Dress is a wonderful thing. It sets the context, the mood. Earlier in the day I dressed not-like-a-tourist. On purpose. I wanted to stand out. And I was rewarded with being remembered and greeted like an old friend. Inevitably the bar was busy but this wasn’t a problem as I slid on to a single bar stool - remember the advantages of travelling solo - and ordered a martini. Because *everyone* was drinking Bellinis. Of course it turns out that Hemingway would now smile. He did rather like a gin martini.

And goodness do I.

As the evening wore on I engaged in conversation with an American couple sitting to my left. They were pondering over the menu and - frankly - the cost. At which point gin-soaked-me pointed out that it if they really wanted to enjoy a meal here - and let’s face to the food is astonishing - they should come in during the day, 11:15 is a good time, get a good table, relax, enjoy the grandeur and theatre. We talked of this and that and eventually it dawned on me that they thought I lived in Venice. And you know what, I didn't want to rain on their particular belief and spoil the image. They also had gathered that I have a place in London, they talked of places they’d like to visit, and I could point them at alternatives with clear critique.
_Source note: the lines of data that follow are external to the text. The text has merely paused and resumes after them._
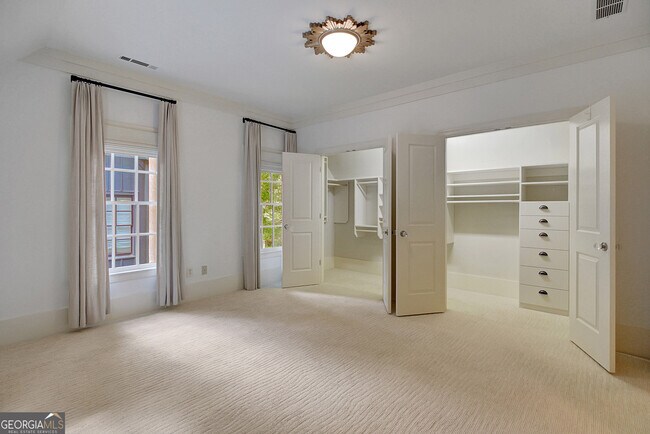 Building Photo - 9043 Selborne Ln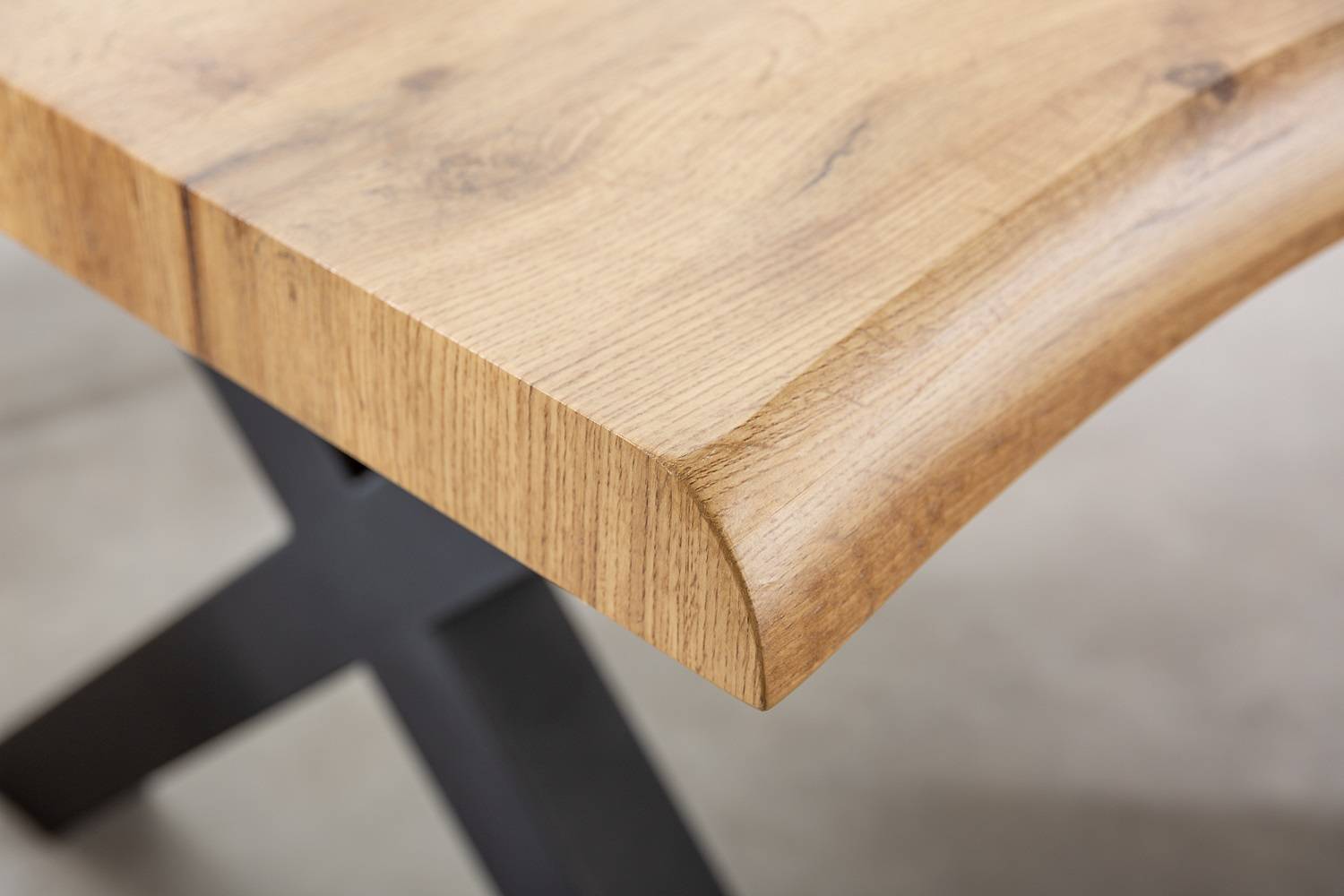 Designový jídelní stůl Kaniesa 200 cm hnědý - vzor divoký dub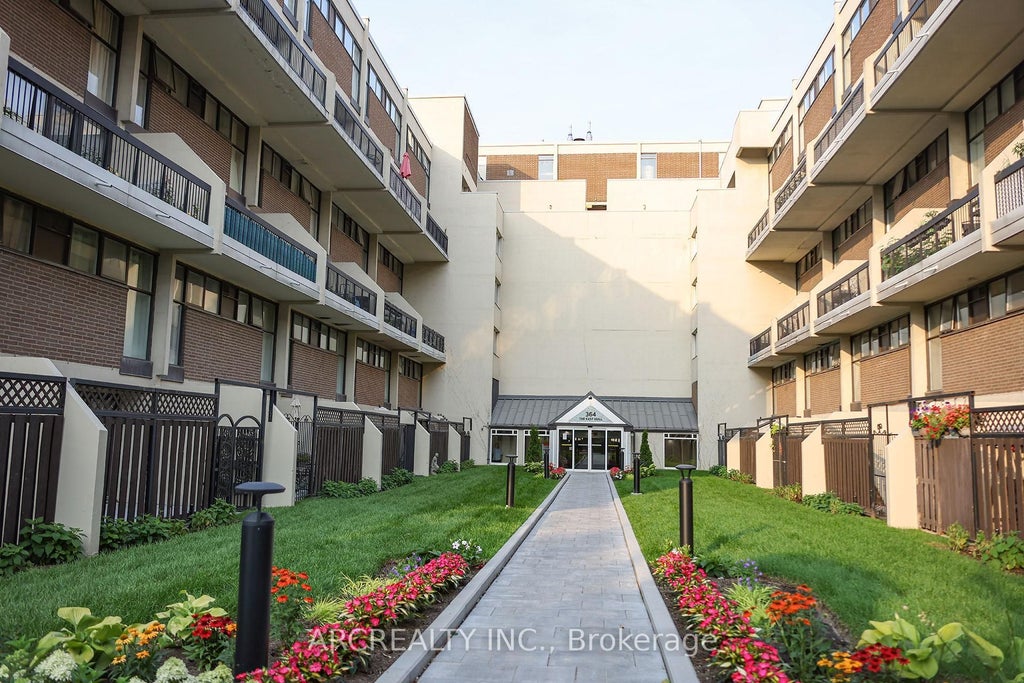 Photo of 364 The East Mall N/A #127, Toronto, ON M9B 6C5 (MLS # W13751064)
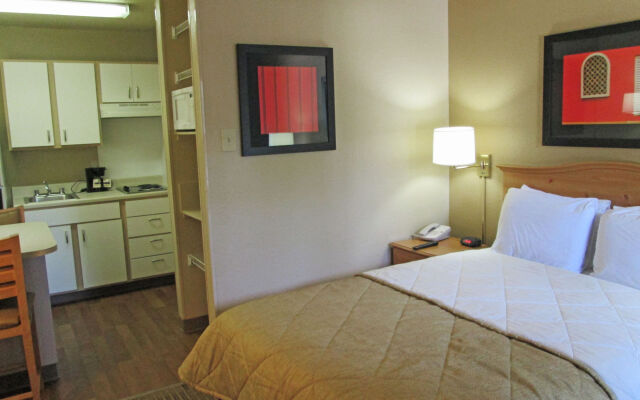 Extended Stay America Suites Arlington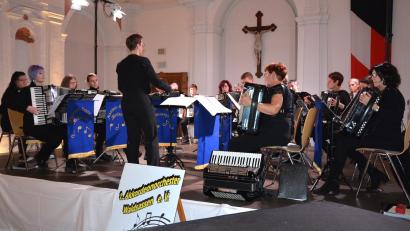Bild: jr
Unter der Leitung von Dr. Silke Polata musizierten 18 Akkordeonisten in der Aula des Klosters Waldsassen. In dem mehr als zweistündigen Konzert kamen Stücke von Johann Sebastian Bach ebenso zu Gehör wie Popsongs von Abba.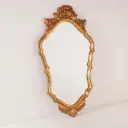 Miroir en bois doré vintage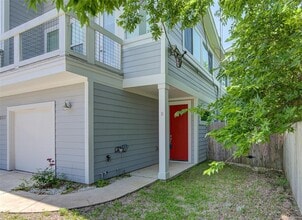 Building Photo - 3317 Blumie St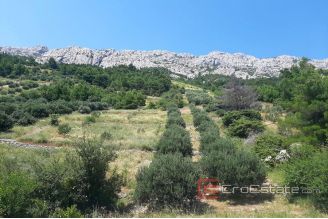 003 2016 562 omis building plot for sale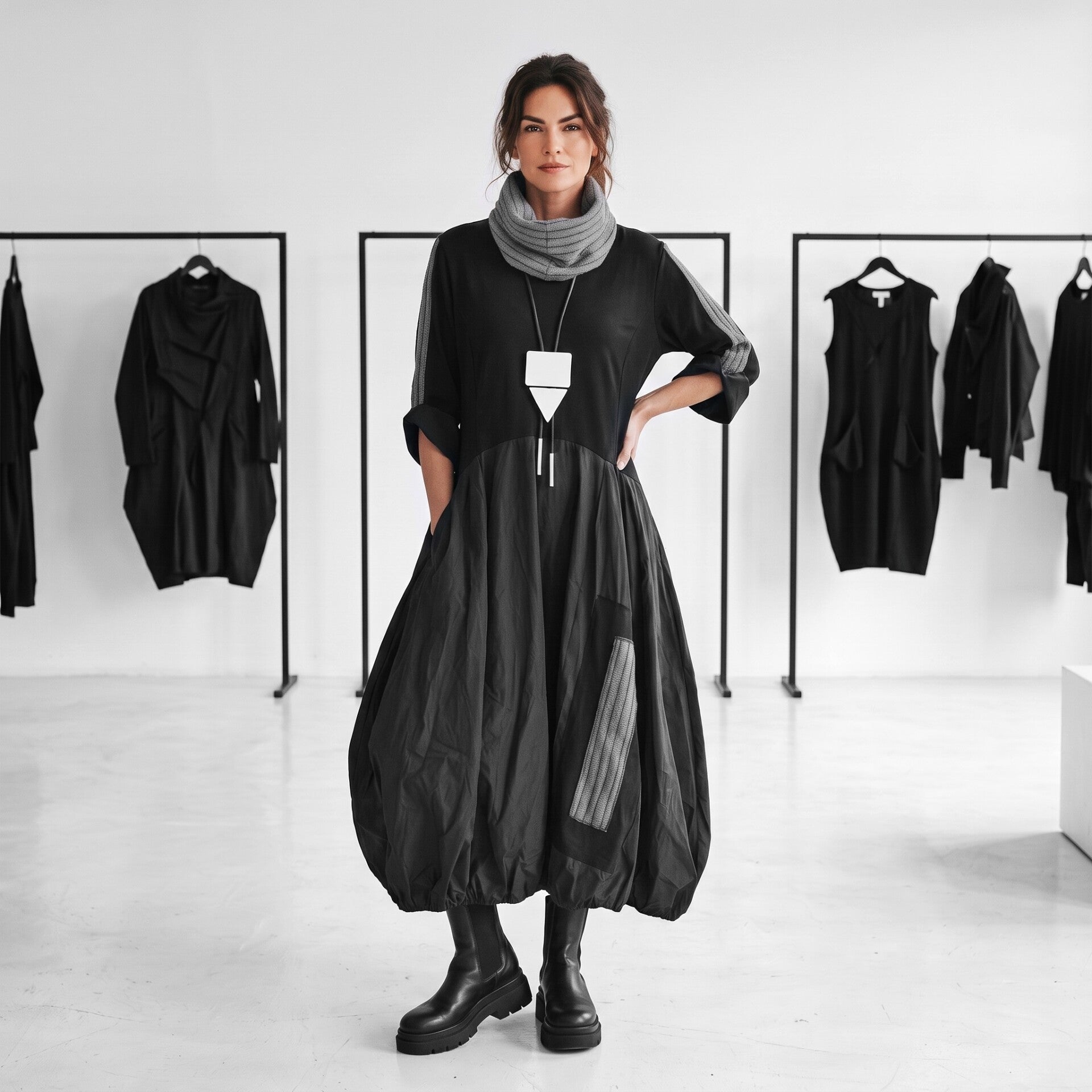 extravagantes Kleid in bauschiger Tulpenform mit effektvollen Ansätzen aus Memory Taft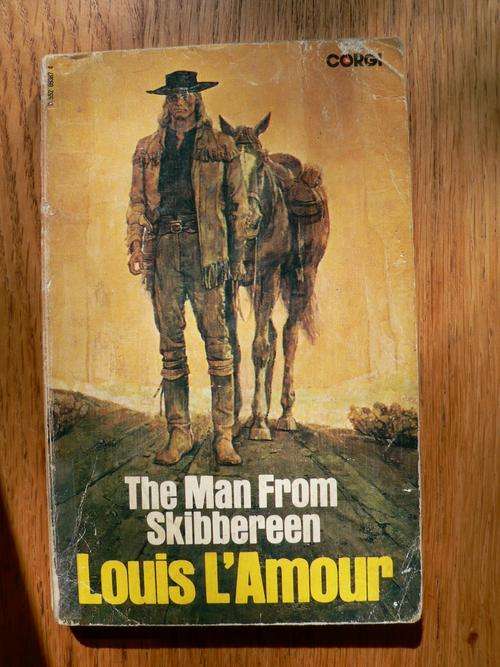 LOUIS LA'MORE  western books HS10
It was wonderful and I hope that couple enjoyed their stay in London and have a truly happy life together.

Back in reality I was three martinis down and no sign of a table as frankly there were lots of groups, I’d not booked ahead and who cares about a single gin soaked old dear at the bar.

It was time to go home. And eat cheese, bananas, ham and… Drink prosecco.

I got in, kicked off my Mary Janes, put in my cute little bluetooth headphones and listened to Pink as I danced ate and solo partied my way out of this first day of my fiftieth year. I might not be able to be disgraceful but hell I could do a half decent facsimile of it. In its own way it was magical and whilst I thought too much and was struggling with the contrary emotions of being-alone-but-not-wanting-to-be-but-hey-it-was-my-choice-to-be-here-alone-anyway I received a whatsapp message from the #hotperm to wish me a happy birthday. I never did take kindness well. I broke down.

Really broke down.

It was all too much and again I know it was all my choice but goodness I was lonely. Heart breakingly, painfully lonely. I’m now sitting on a ferry from Lupud to Sudurad and earlier I talked with my best friend about this very thing. The reality is this: it’s a case of how ever difficult it gets, however painful it is, however strange and perverse a decision may seem.

It’s still better than the alternative.

Happy Birthday me. Actual happy birthday. Pas de gâteau.